The United Nations Children's Fund (UNICEF) has called on all parties in Sierra Leone to keep their promises of not recruiting child soldiers, according to a UNICEF press release made available Thursday.

"We're very concerned right now about the threat to children," said Joanna Van Gerpen, head of UNICEF's office in Sierra Leone." The very high level of instability could lead us back into the vicious cycle where children are used as tools of war. This war is the business of adults--children shouldn't be forced to pay the price."
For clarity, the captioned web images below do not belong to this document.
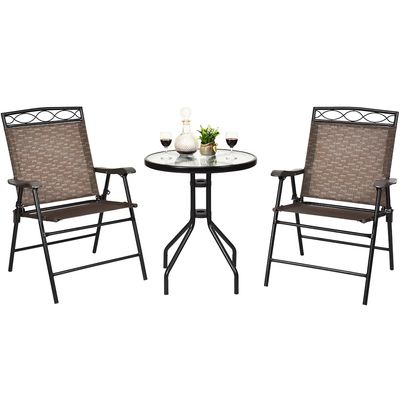 3 PCS Bistro Conversation Patio Pub Dining Set W/ 2 Folding Chairs &amp; Glass Table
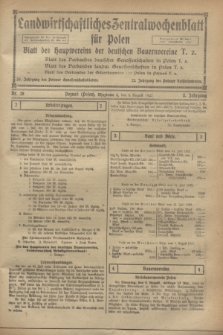 Landwirtschaftliches Zentralwochenblatt für Polen : Blatt des Hauptvereins der deutschen Bauernvereine. Jg.3, Nr. 28 (5 August 1922)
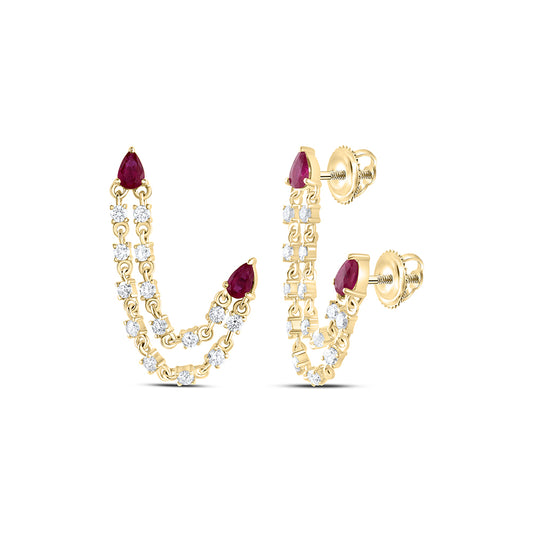 14kt Yellow Gold 5/8 Cttw Diamond Ana M 4x3mm Pear Ruby Natural Gem Dangling Earring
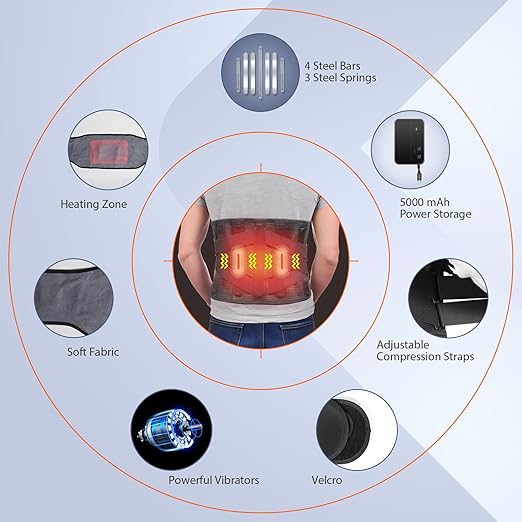 HONGJING Heated Back Massager Brace for Lower Back Pain Relief, Cordless Back Vibration Massage Belt with 3 Heating Modes and 4 Massage Modes for Sciatica and Scoliosis-L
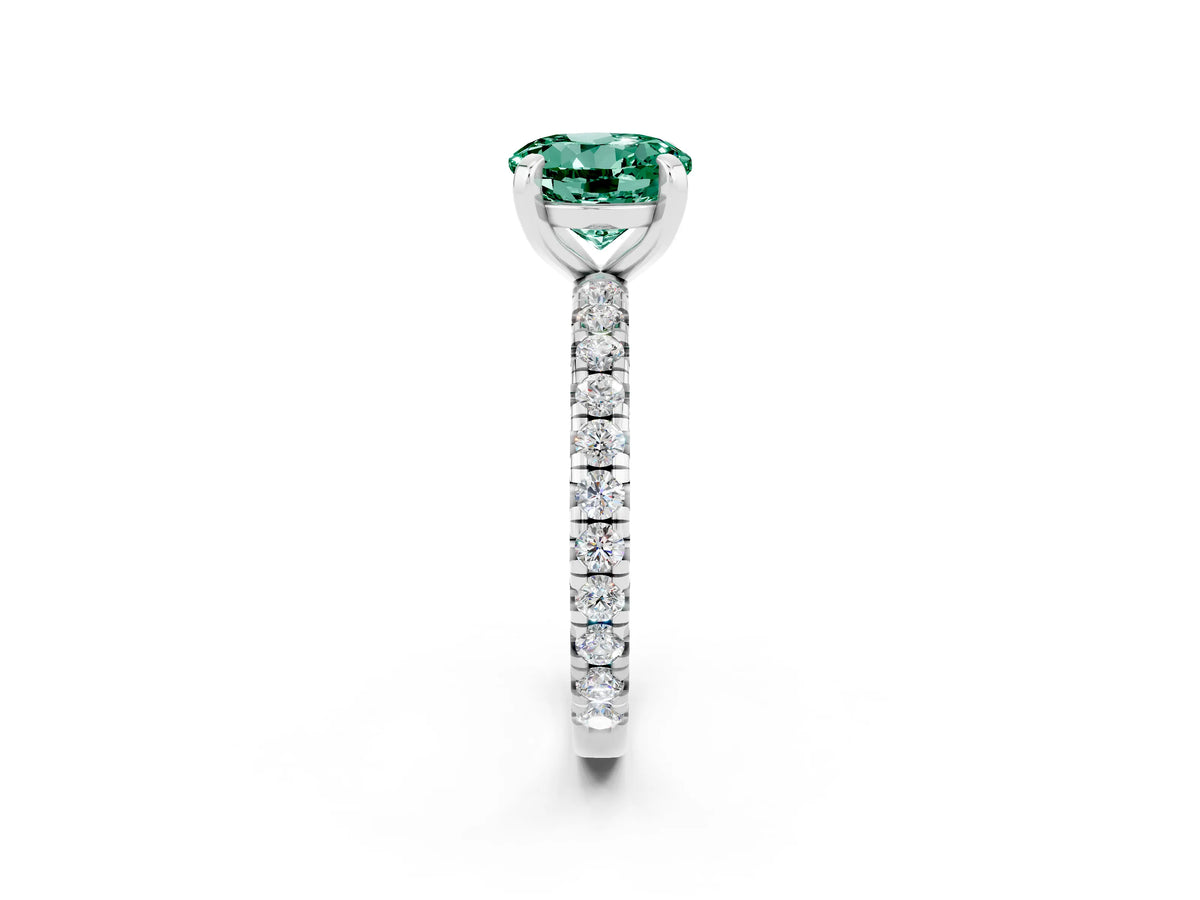 Round Cut Green Sapphire Pavé Solitaire Ring in Silver with Round Pavé Band and Prong Setting_2
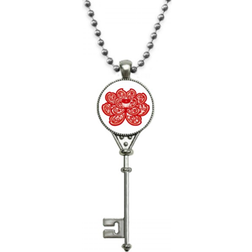 Lotus Chinese Zodiac Paper Cut Flower Animal Pendant Vintage Necklace Silver Key Jewelry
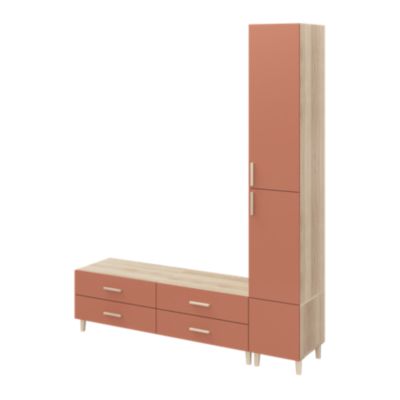 Meuble TV terracotta et effet chêne avec 4 tiroirs et 3 portes GoodHome Atomia H. 225 x L. 187,5 x P. 35 cm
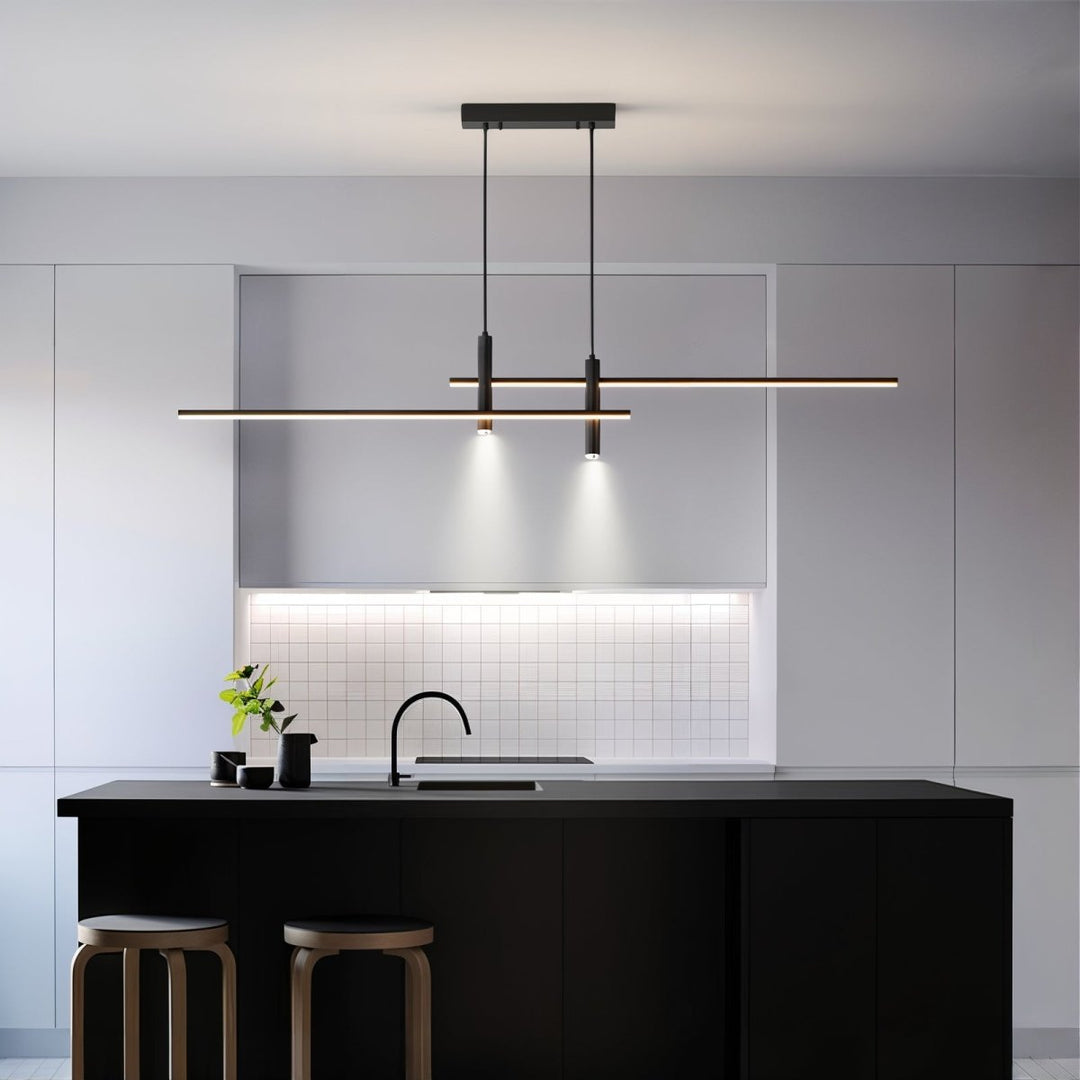 LumiLine – Modern LED Linear Taklampa med Justerbar Höjd och Dimmer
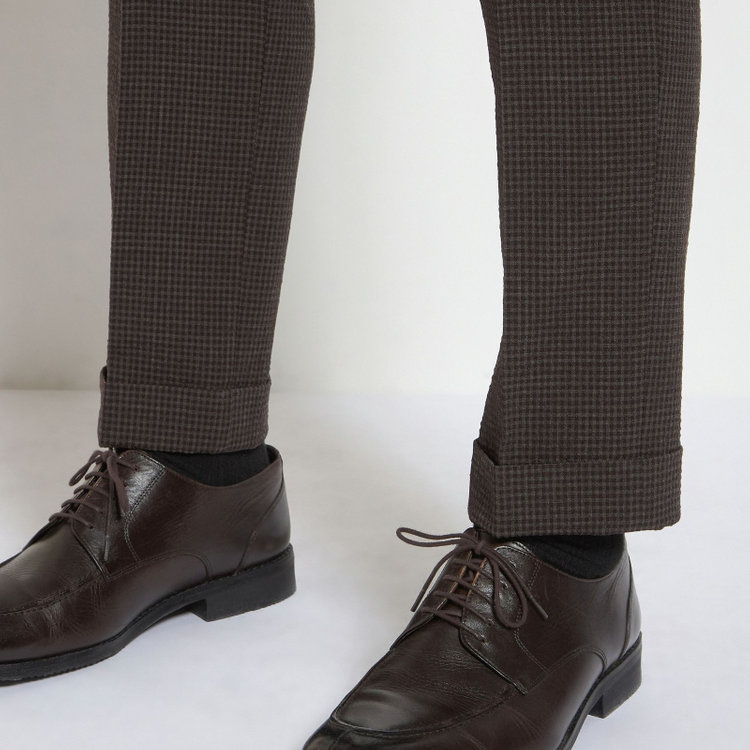 スタンリーブラッカ 【stanley blacker new york】【春夏】1タックパンツ/ブラウン×サッカー/ウエストムーブ/裾上げ必要 茶中間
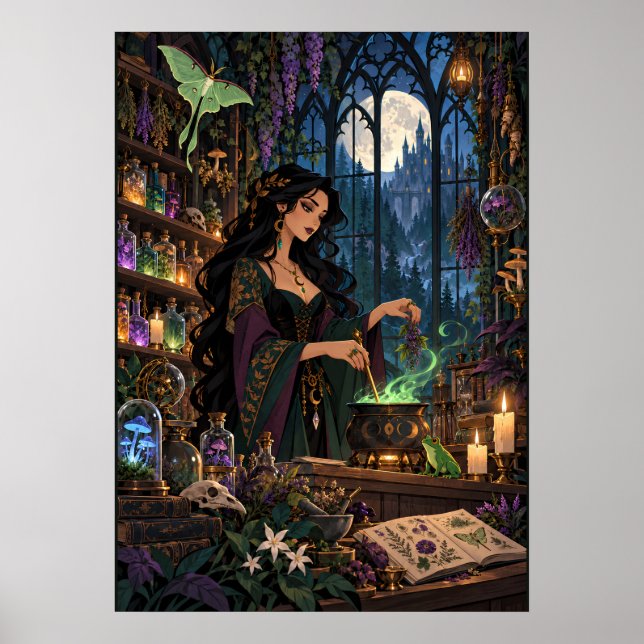 The Midnight Apothecary Witch Potion Fantasy Poster (Front)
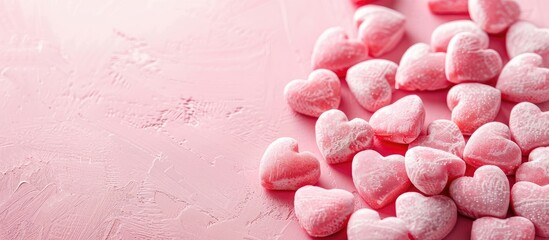 Poster - Valentine s Day themed image with heart shaped candies on a pink backdrop offering empty space for additional content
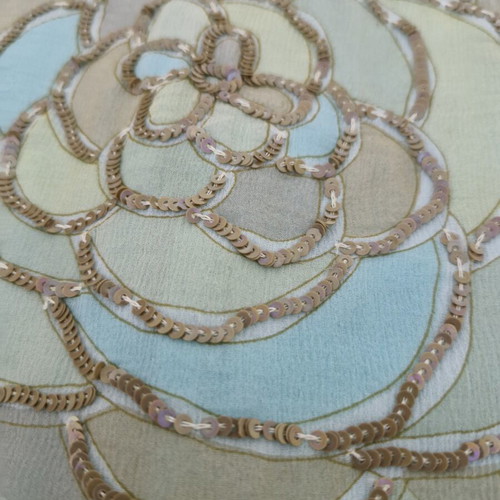 Zara silk skirt like new with embroidered sequins, beige and turquoise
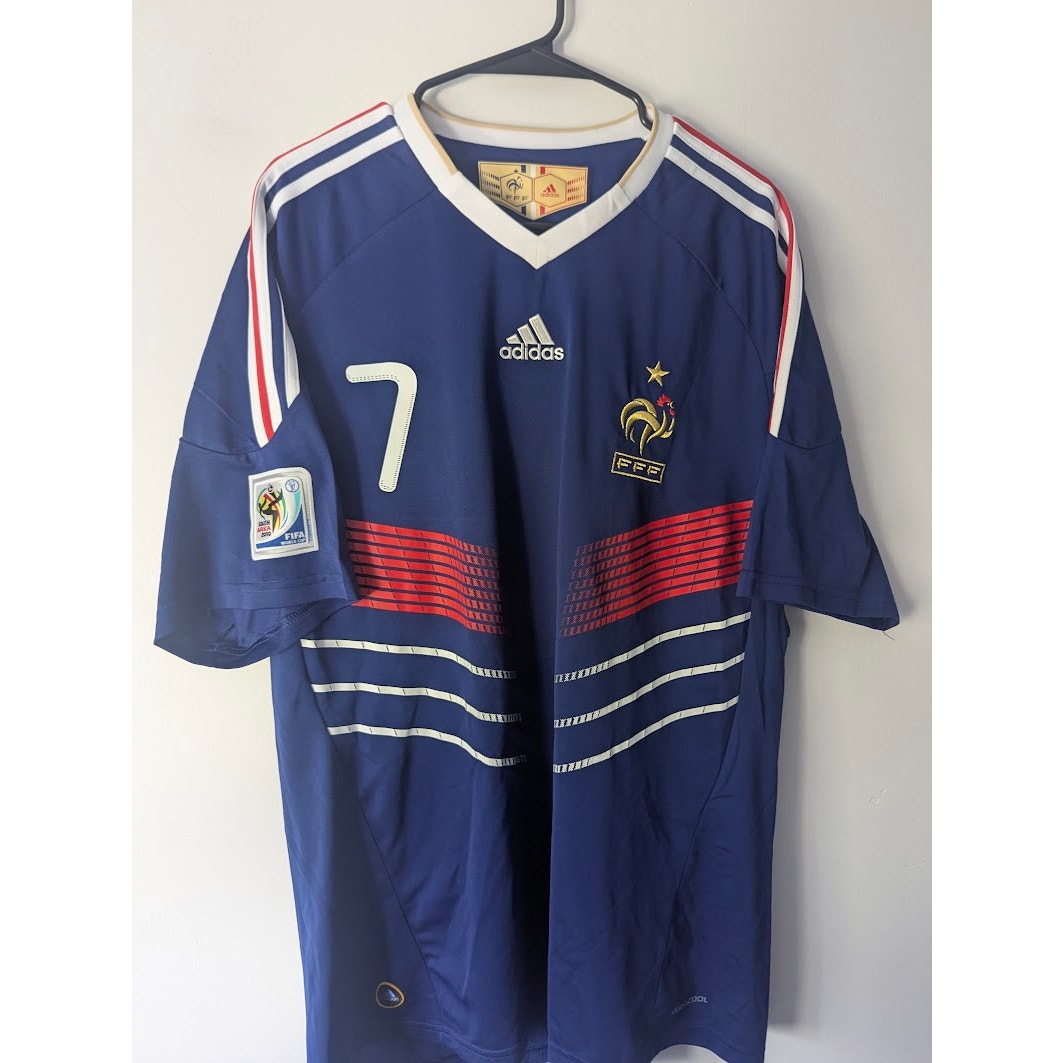 France 2010 Home Ribéry Jersey – Men’s XL | World Cup Fully Patched Adidas Shirt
She said that the current crisis in the country could result in the renewed recruitment of child soldiers, a practice that most military leaders have repeatedly disavowed in the last two years.

UNICEF estimates that during Sierra Leone's nine-year civil war, some 5,000 children, mostly boys, were used as combatants. Thousands of other boys and girls were abducted and forced to become wood gatherers, cooks, sex slaves or porters for the military.

Sierra Leone was one of the first countries in the world to sign the Convention on the Rights of the Child. Van Gerpen said that nearly 1,700 former child combatants had been "demobilized" since the signing of the Lome peace accords last July and the commencement of the disarmament, demobilization and reintegration program.